▶ [EXERCISE DESCRIPTION]: Every line from the one containing "3 bedroom detached bungalow for sale" to the one containing "Building Photo - 1233 7th St Rental" in the records below, both included, must be set down exactly, and no other line.

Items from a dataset

^^^^^^^^

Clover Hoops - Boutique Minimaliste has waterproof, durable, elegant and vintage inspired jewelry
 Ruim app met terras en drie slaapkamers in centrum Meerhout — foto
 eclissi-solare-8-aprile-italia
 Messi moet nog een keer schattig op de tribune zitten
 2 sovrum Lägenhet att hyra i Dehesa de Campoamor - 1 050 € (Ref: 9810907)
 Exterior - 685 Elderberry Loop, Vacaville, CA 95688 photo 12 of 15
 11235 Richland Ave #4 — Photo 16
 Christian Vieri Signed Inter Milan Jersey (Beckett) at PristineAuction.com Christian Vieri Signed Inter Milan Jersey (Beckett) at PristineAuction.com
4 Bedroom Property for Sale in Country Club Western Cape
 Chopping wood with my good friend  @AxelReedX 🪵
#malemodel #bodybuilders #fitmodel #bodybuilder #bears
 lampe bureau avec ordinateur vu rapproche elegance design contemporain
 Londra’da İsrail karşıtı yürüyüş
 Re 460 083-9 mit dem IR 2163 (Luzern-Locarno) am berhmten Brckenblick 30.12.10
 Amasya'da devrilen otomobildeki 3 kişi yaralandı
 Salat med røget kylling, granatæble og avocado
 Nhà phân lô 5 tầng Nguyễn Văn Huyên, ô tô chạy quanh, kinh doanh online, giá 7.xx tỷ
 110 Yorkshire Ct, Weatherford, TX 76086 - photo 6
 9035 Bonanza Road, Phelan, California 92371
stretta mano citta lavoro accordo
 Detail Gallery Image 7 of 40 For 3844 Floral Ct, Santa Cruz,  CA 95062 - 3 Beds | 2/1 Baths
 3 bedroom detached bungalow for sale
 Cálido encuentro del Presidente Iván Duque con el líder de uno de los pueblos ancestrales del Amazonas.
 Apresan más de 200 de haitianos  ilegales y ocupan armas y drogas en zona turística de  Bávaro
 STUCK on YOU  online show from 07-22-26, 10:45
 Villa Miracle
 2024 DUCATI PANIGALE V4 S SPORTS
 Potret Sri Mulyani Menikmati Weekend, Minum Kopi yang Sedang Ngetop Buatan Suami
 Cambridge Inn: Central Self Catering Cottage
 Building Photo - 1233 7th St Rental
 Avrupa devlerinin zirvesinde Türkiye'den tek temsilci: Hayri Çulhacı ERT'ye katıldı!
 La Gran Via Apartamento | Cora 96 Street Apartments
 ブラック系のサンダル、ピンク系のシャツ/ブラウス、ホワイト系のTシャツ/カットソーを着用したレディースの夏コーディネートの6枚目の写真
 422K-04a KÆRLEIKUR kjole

^^^^^^^^

▶ [SOLUTION FOR THIS PROBLEM]:
 3 bedroom detached bungalow for sale
 Cálido encuentro del Presidente Iván Duque con el líder de uno de los pueblos ancestrales del Amazonas.
 Apresan más de 200 de haitianos  ilegales y ocupan armas y drogas en zona turística de  Bávaro
 STUCK on YOU  online show from 07-22-26, 10:45
 Villa Miracle
 2024 DUCATI PANIGALE V4 S SPORTS
 Potret Sri Mulyani Menikmati Weekend, Minum Kopi yang Sedang Ngetop Buatan Suami
 Cambridge Inn: Central Self Catering Cottage
 Building Photo - 1233 7th St Rental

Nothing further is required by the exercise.